Dans la Description de l'Égypte ou Recueil des observations et des recherches qui ont été faites en Égypte pendant l'expédition de l'armée française (1829, tome V), éditée par Charles Louis Fleury Panckoucke, de la Commission des sciences et arts d'Égypte, il consacre le développement qui suit aux trois pyramides de Dahchour.

"La célébrité des deux principales pyramides qui sont au nord de Memphis est sans doute le motif qui a empêché les auteurs anciens de faire attention à celles du midi, ou du moins de les mentionner dans leurs écrits, quoique plusieurs de ces dernières aient des dimensions considérables, dignes d'arrêter les regards. Mais soit que la curiosité fût satisfaite à l'aspect des grandes pyramides connues sous les noms de Chéops et de Chéphren, et appelées merveilles du monde, soit qu'on voulût éviter un voyage plus long et plus pénible à travers des sables brûlants, il semble que de tout temps les voyageurs aient dédaigné les monuments du même genre qui s'étendent sur la montagne Libyque, depuis Memphis jusqu'au midi d'Acanthus. Peu d'entre les modernes les ont visitées, et nul ancien ne les décrit. Les premiers, il est vrai, avaient à redouter, outre la fatigue, des périls réels de la part des Arabes Bédouins. Quoi qu'il en soit, le silence des auteurs ne permet aucun parallèle entre l'ancien état et l'état actuel des lieux, et je n'ai ici à mettre sous les yeux des lecteurs que la description des monuments, tels que les ont observés les voyageurs français.
Dahchour est un village médiocre qui occupe l'emplacement de l'ancienne Acanthus. À deux mille pas au nord-ouest, sur le bord de la montagne Libyque, est une première pyramide appelée Haram Minyet el-Dahchour. On sait que haram est le nom générique des pyramides chez les Arabes. Elle est en briques crues, et très dégradée. Les briques sont de limon du Nil, liées par de la paille hachée ; elles ont 32 à 35 centimètres de long, sur 16 à 19 centimètres de large, et 11 à 14 centimètres d'épaisseur.
La base visible de la pyramide est aujourd'hui un rectangle de 100 pas sur un côté, 75 sur l'autre, et la hauteur est d'environ 42 mètres.
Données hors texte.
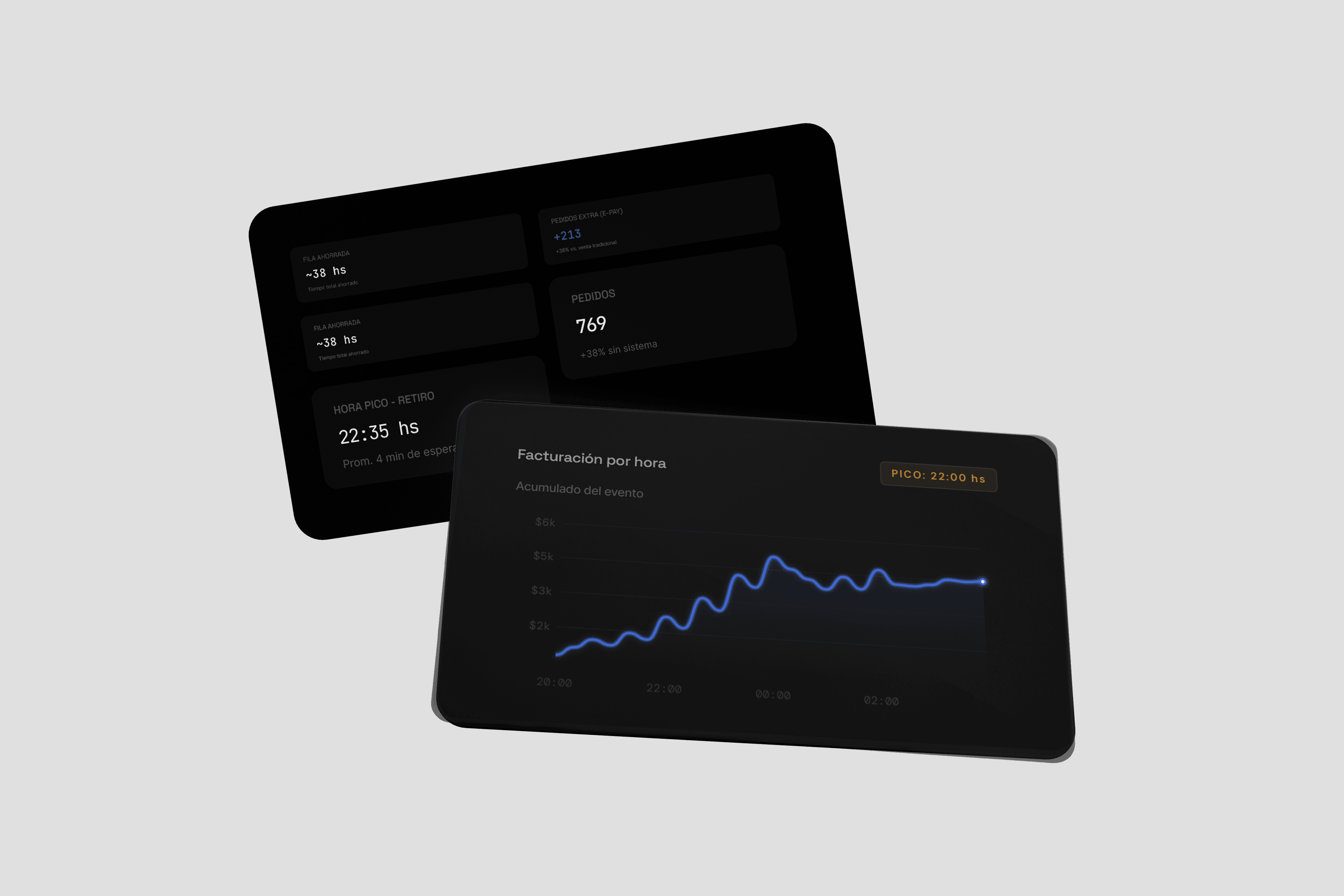 Cashflow chart with income and expense trends, showing $12,000 total balance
Cette hauteur se divise en cinq parties, formant retraite l'une sur l'autre, avec un repos d'environ 3m 1/3 de large. Ces espèces de degrés se retrouvent souvent dans les pyramides du sud, et il y en a un exemple parmi celles de Gyzeh.
La matière dont cette construction est formée était trop peu solide pour résister aux outrages du temps, et, malgré la jactance des paroles qu'Hérodote prête au roi Asychis, auteur d'une de ces montagnes de brique, il y a une immense différence entre elles et celles de pierre pour l'état de conservation. J'ai déjà eu occasion de parler ailleurs de ces espèces de pyramides, et je ne rechercherai pas ici à laquelle on doit appliquer le passage d'Hérodote, me bornant à considérer comme probable qu'il s'agit de celle qui touchait au labyrinthe.
Sont-ce les briques destinées à ces pyramides, ou celles qui servaient aux enceintes des villes, que les Hébreux furent condamnés à fabriquer, selon le Ve chapitre de l'Exode ? C'est une question qu'il n'est guère possible de résoudre, et qui est d'ailleurs de peu d'intérêt.
Les unes et les autres sont de grande dimension ; il en est même qu'on pourrait comparer à de petites pierres de taille. On s'en est servi pour faire des quais et des constructions plongées constamment dans l'eau courante ; elles ont conservé une assiette solide.
À près de 1500 mètres au nord-ouest est une seconde pyramide, aussi en briques crues, sur le bord du plateau ; elle est plus ruinée encore, au point qu'on peut y monter à cheval. Sa hauteur est d'à peu près 33 mètres.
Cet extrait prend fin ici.